We are optimistic regarding in the future of medical AI and for the osteoporosis field in particular. In 2018, the Food and Drug Administration (FDA) approved the OsteoDetect (Imagen), an AI software based upon DL to identify and highlight distal radius fractures during the review of posterior-anterior and lateral radiographs of adult wrists as an adjunct to the clinician’s review and clinical judgment [17]. Thus, AI has already found its way to addressing important tasks in the overall osteoporosis clinical management. Nevertheless, healthy skepticism should balance zeal to see this science move forward and temper our enthusiasm to see AI integrated into clinical applications. A recent systematic review of medical imaging DL algorithms between 2010 and June 2019 found that almost all were retrospective, non-randomized, at high risk of bias, and deviated from existing reporting standards [18]. Moreover, data and code availability were lacking in most studies, yet only a minority stated that further prospective studies or trials were required.
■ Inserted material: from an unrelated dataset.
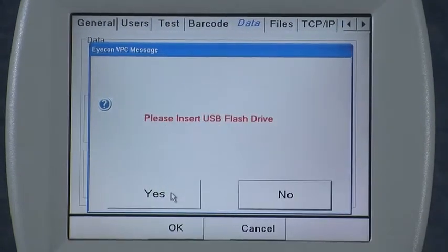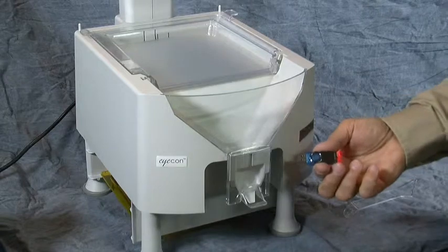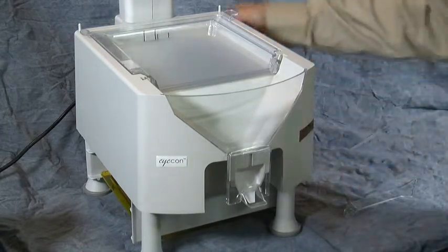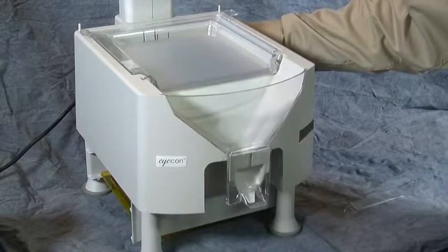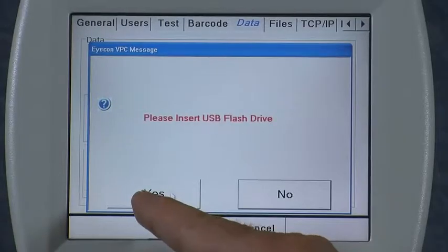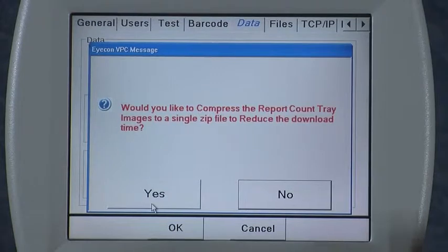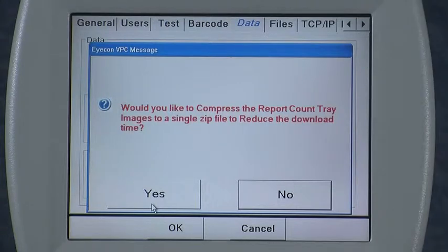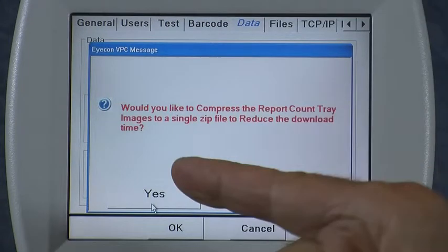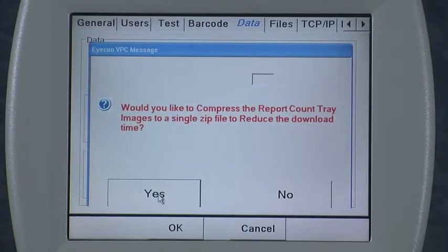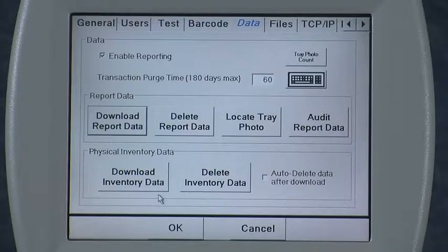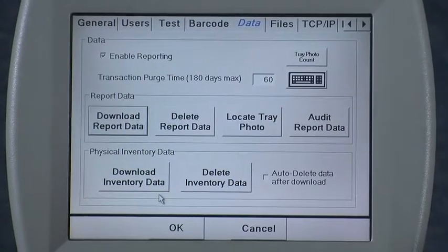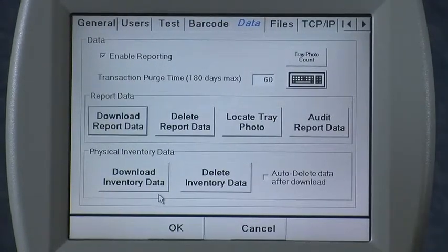If you press yes, it's going to ask you to insert a USB memory stick. Take your USB memory stick and simply insert it into the back of the icon — there are two ports on the back and either one is usable for this. Simply insert the stick, wait a second, and then press yes. You're then prompted whether you'd like to compress the report count tray images into a single zip file in order to reduce the download time. I would normally say yes, and it will zip up all those files and save them. There are only a small number of photos here so it happened very quickly. Then go ahead and remove the memory stick once the indication is given that the download has been completed.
Aside from technical issues related to model reliability and reporting transparency, AI/ML raises prickly new questions that have yet to be answered: Who owns the data used to initially train the algorithm and what are the rights of the patient to control their personal information? How are individual privacy concerns balanced against making the dataset (which can be highly detailed in “real-world” data) available for independent validation? Once approved, how can one provide “stewardship” over changes to the AI/ML algorithm (mostly cloud based) without stifling its unique ability to evolve and improve?

To conclude, we believe healthcare will see increasing synergy between human and artificial intelligences, where the latter will enhance a physician’s performance and support well-informed clinical decision-making—namely augmented intelligence. AI should be seen as yet another tool for improving the quality of patient care. Not to be feared but to be understood, as we explore AI’s unique strengths and limitations.